The Football Association of Singapore (FAS) is the governing body responsible for the administration of football in Singapore. Established in 1892 as the Singapore Football Association (SFA), it is the oldest football association in all of Asia. The FAS is also one of the founding members of both the Asian Football Confederation (AFC) and the ASEAN Football Federation (AFF). It has been affiliated with FIFA since 1952.

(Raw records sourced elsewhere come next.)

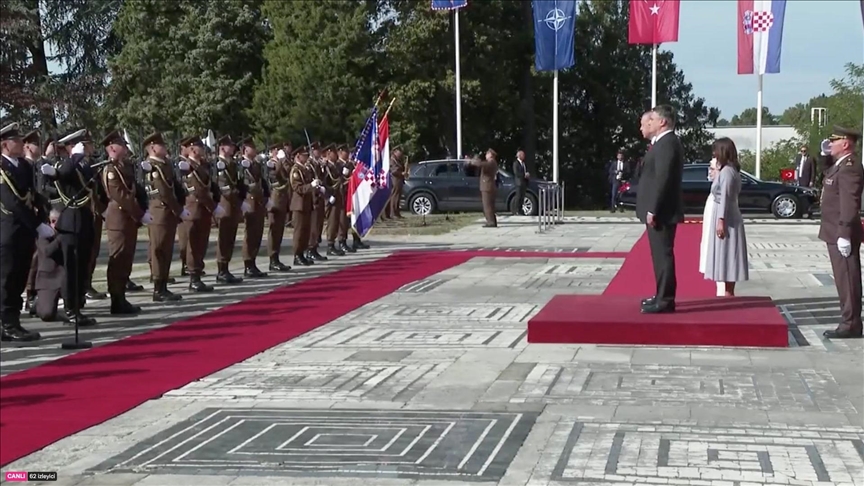 В Загребе состоялась церемония официальной встречи президента Турции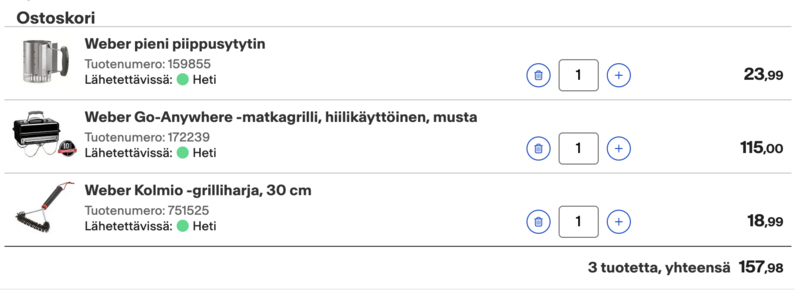 Verkkokaupan ostoskori, jossa on kolme Weber-tuotetta: pieni piippusytytin (23,99 €), Go-Anywhere hiilikäyttöinen matkagrilli (115,00 €) ja Kolmio-grilliharja 30 cm (18,99 €). Tuotteet ovat heti lähetettävissä ja ostoskorin kokonaissumma on 157,98 €.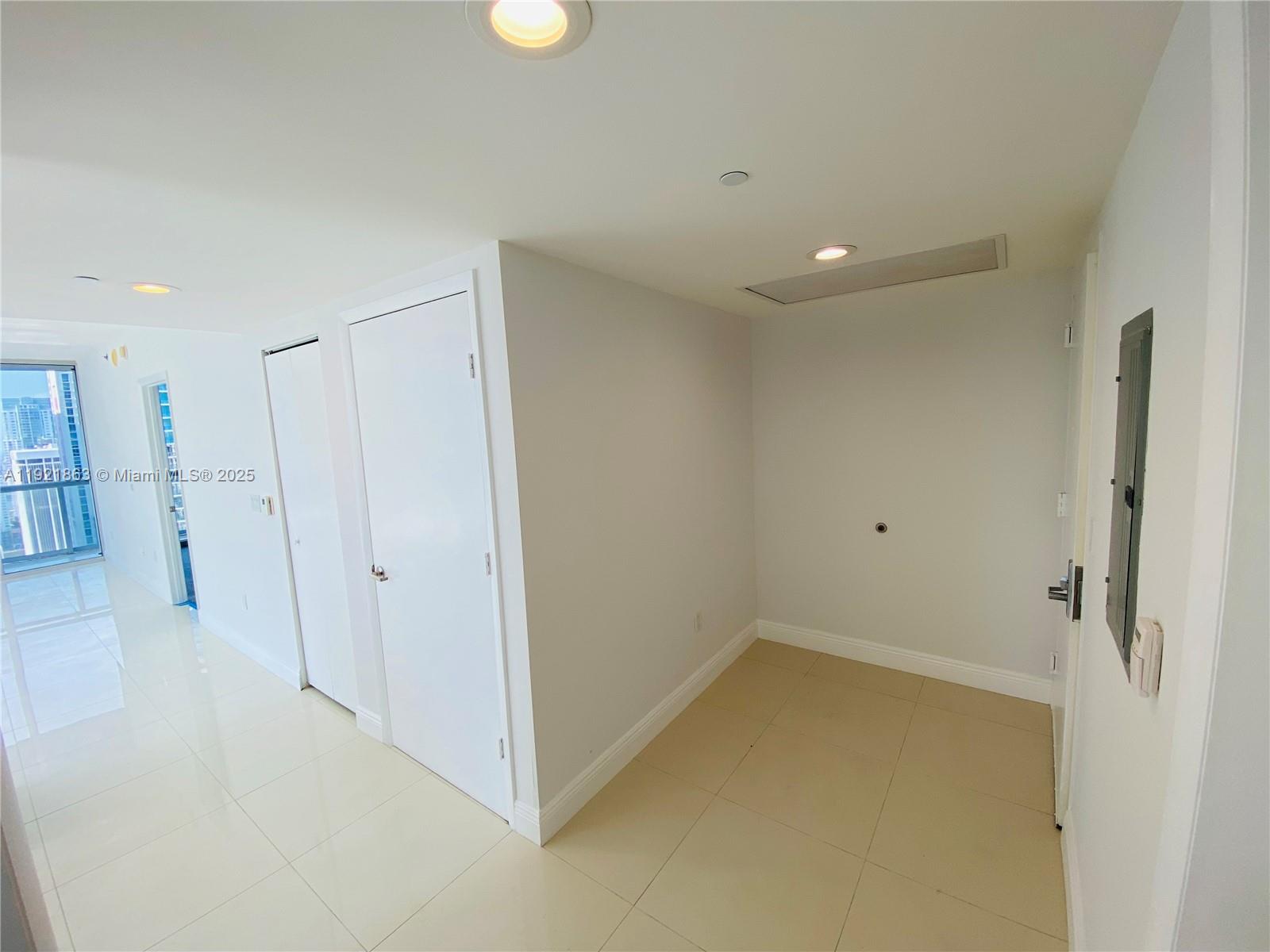 475 Brickell Ave #3715, Miami FL 33131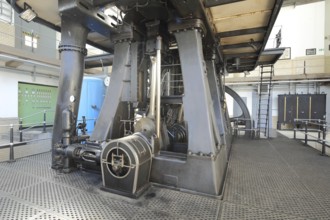 Interior view with steam engine, DEMAG pumping station in waterworks, industry, engine, machine,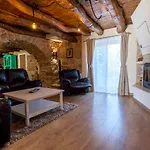 Hrustika - Heated Pool, Jacuzzi & Sauna Villa Gabonjin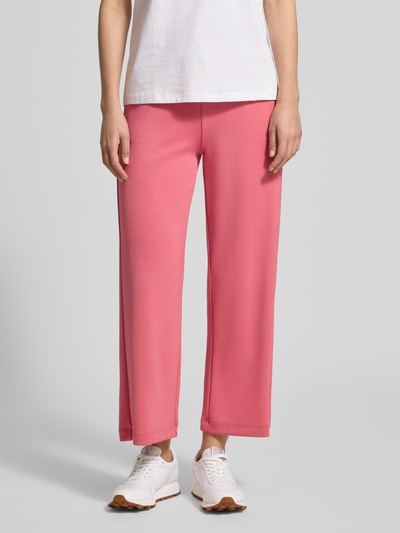 Frauenmodel trägt Wide Leg Sweatpants mit elastischem Bund von Soyaconcept in Rosa, Material-Mix mit Modal-Anteil, Nahaufnahme Unterkörper.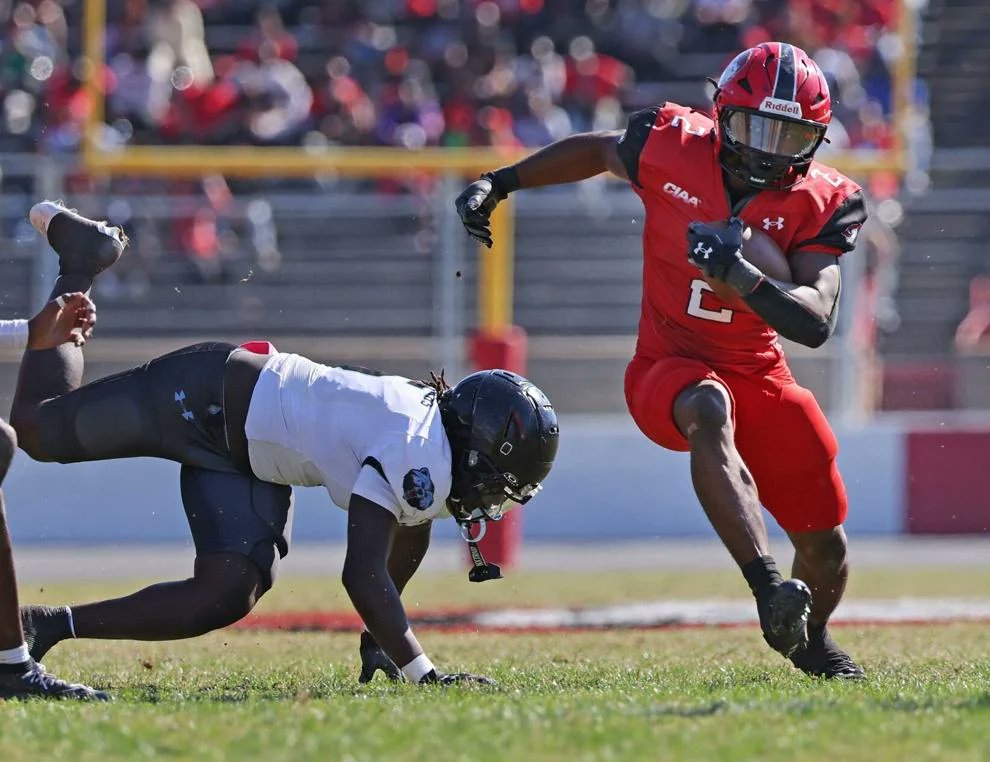 Winston-Salem State (RB) JaQuan Kelly with 139 yards and 2 TDs against Livingstone 
* Hometown: Winston-Salem, NC
* Parkland High School 
📷Johb Dell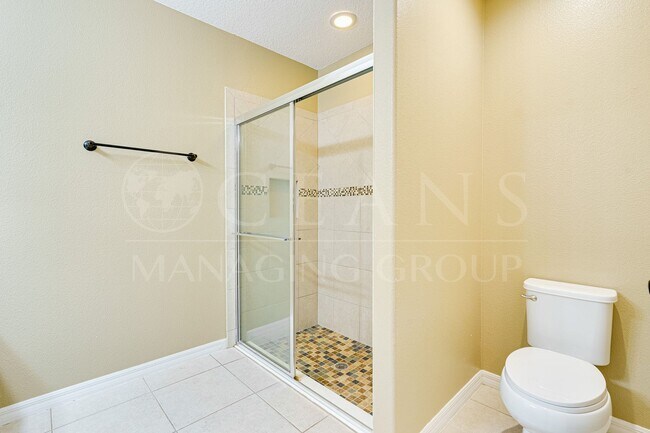 Building Photo - Beautiful 3-Bedroom Home for Rent in Port Orange Plantation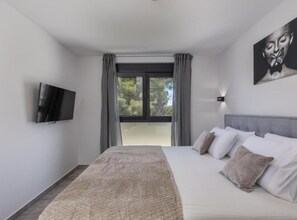 Apartment (Three Bedroom Apartment)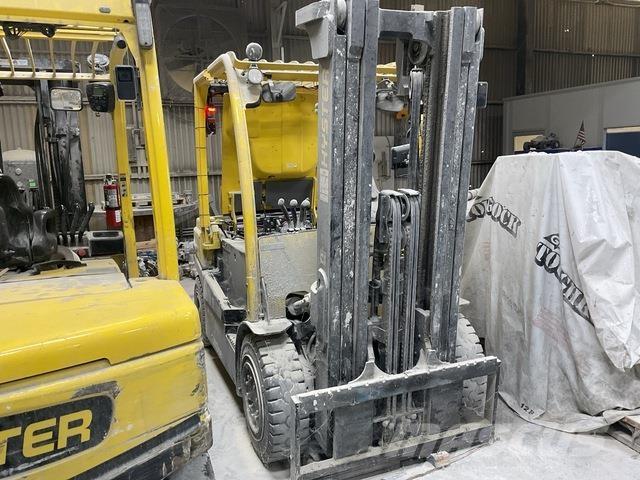 Hyster J80XN 電動堆高機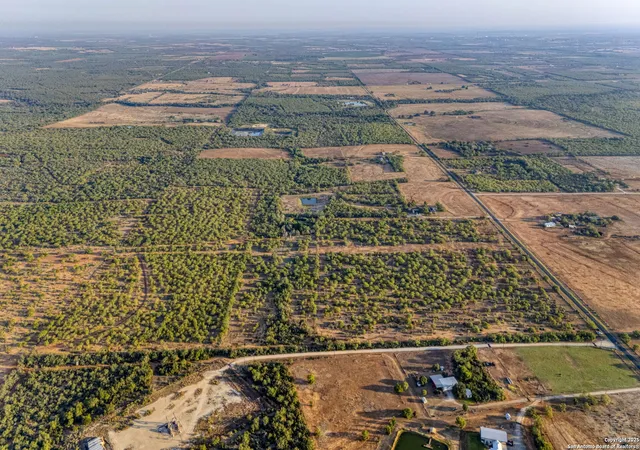 5th image of 1 Cr 331 E, Jourdanton, TX 78026 | MLS# 1923030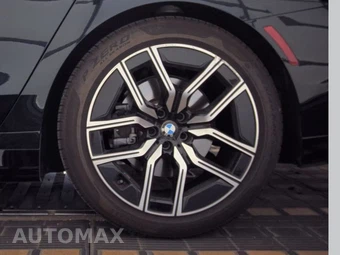 2026 BMW 7 Series 740i xDrive - miniatura 12
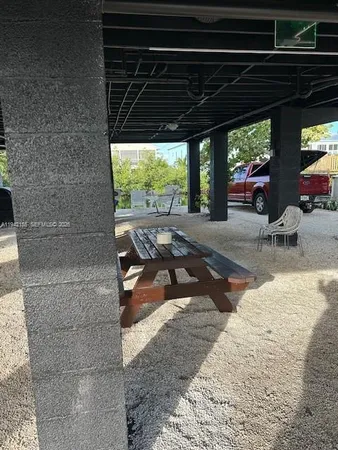 $680,000 | 74 Pelican Lane, Big Pine Key, FL 33043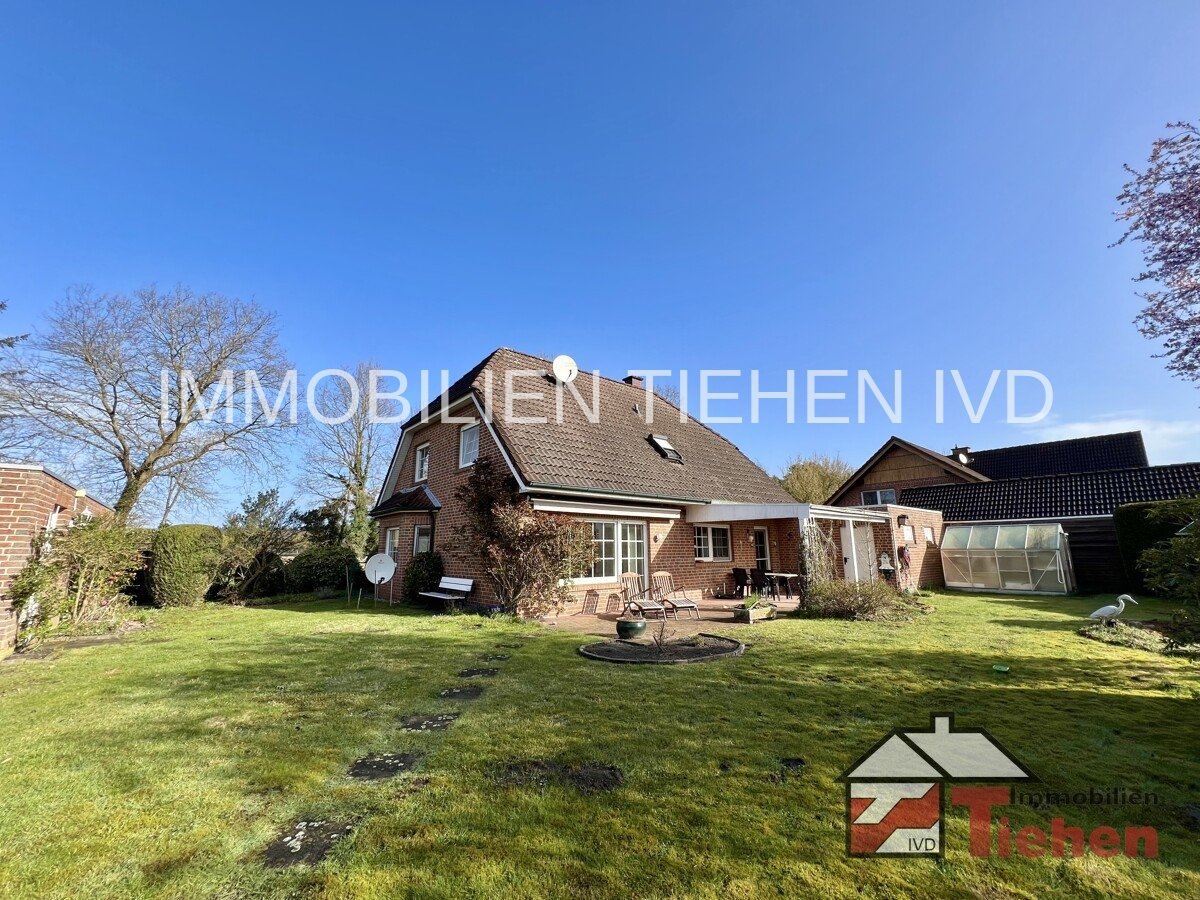 Trautes Heim - Glück allein! Landhaus mit zwei Garagen in ruhiger Lage PROVISIONSFREI! Trautes Heim - Glück allein! Landhaus mit zwei Garagen in ruhiger Lage PROVISIONSFREI!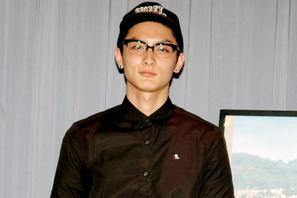 高良健吾、フォトブック発売でファンとふれあい　「最初は、誰が買うんだ？　って…」 画像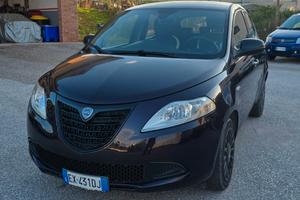 Lancia Ypsilon 1.2 69 CV 5 porte S&S Silver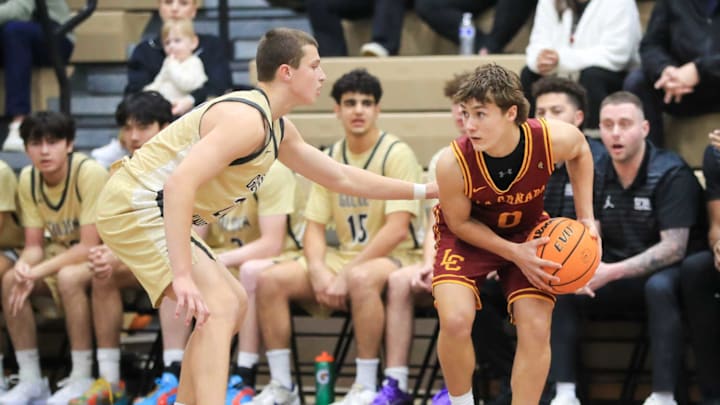 La Canada takes on St. Francis in a 2025 holiday tournament.
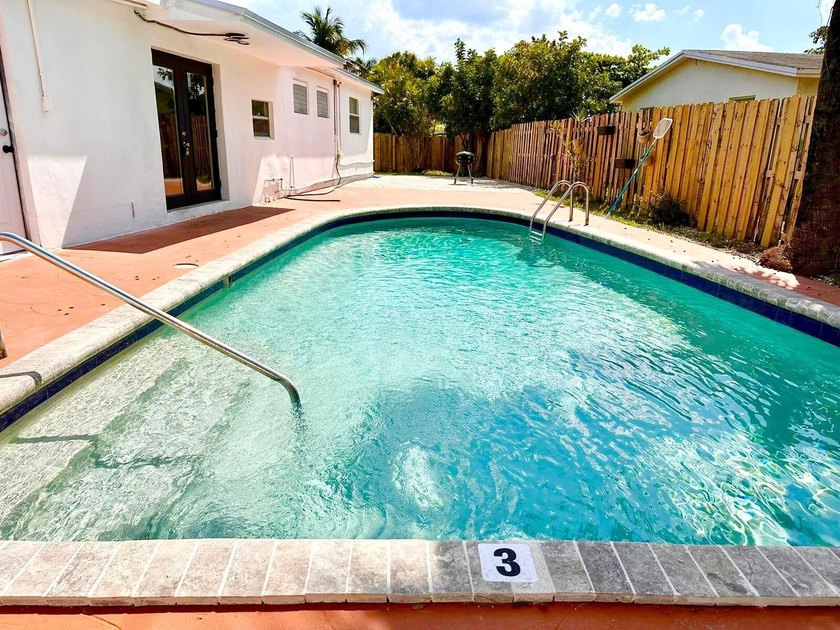 Spacious and fully equipped 4-bedroom, 4-bathroom one-story home - photo 8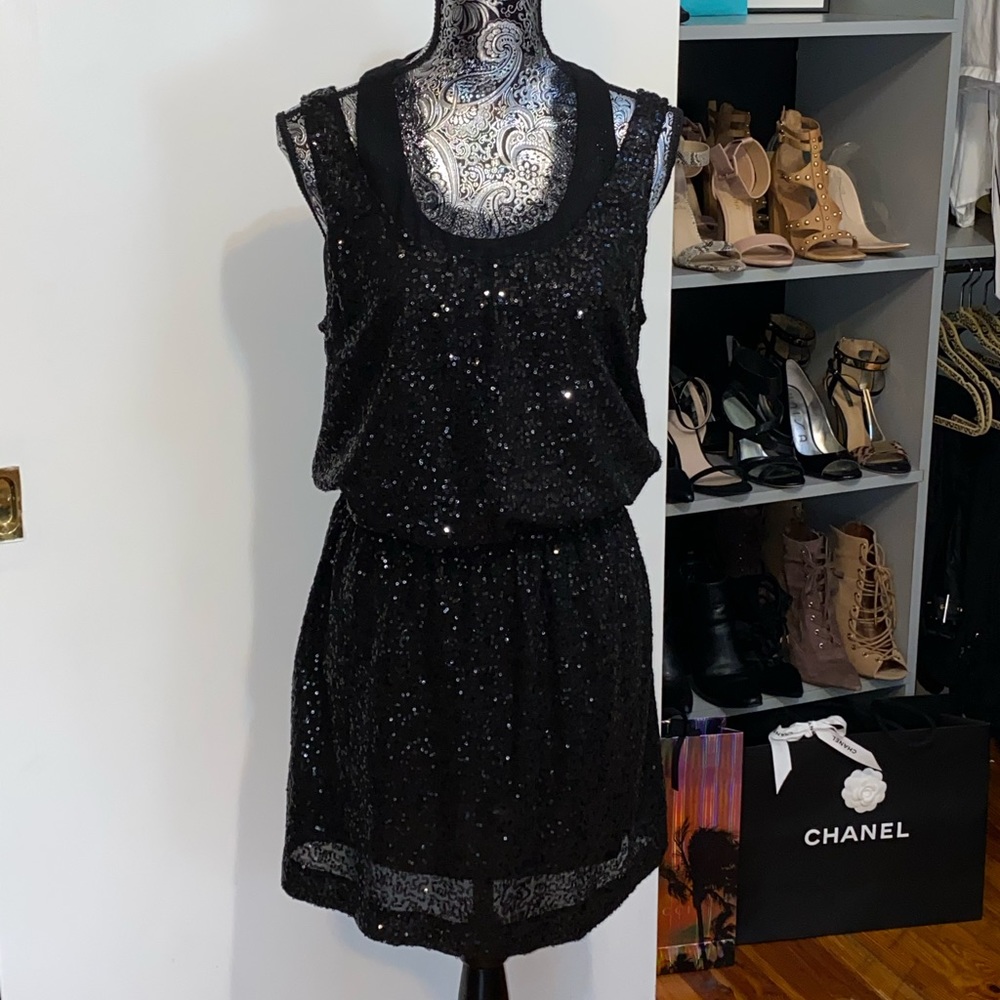 Short black sequence dress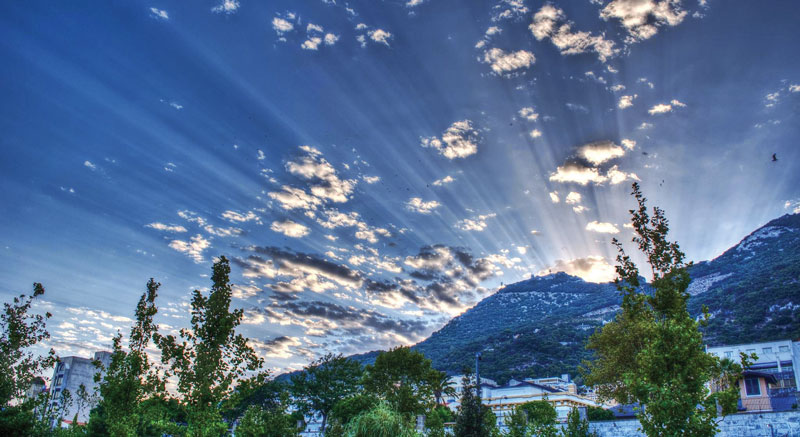 One of the most appealing factors in visiting Gibraltar is enjoying the weather, which consists of 320 days of sunlight annually.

The FAS oversees the organisation and development of football and advancing the game at all levels in Singapore, and is responsible for all aspects of the amateur and professional game in its territory. This includes its flagship domestic league, the Singapore Premier League (SPL), as well as the men's, women's and youth national football teams. The FAS is headquartered at the Jalan Besar Stadium, located at Kallang.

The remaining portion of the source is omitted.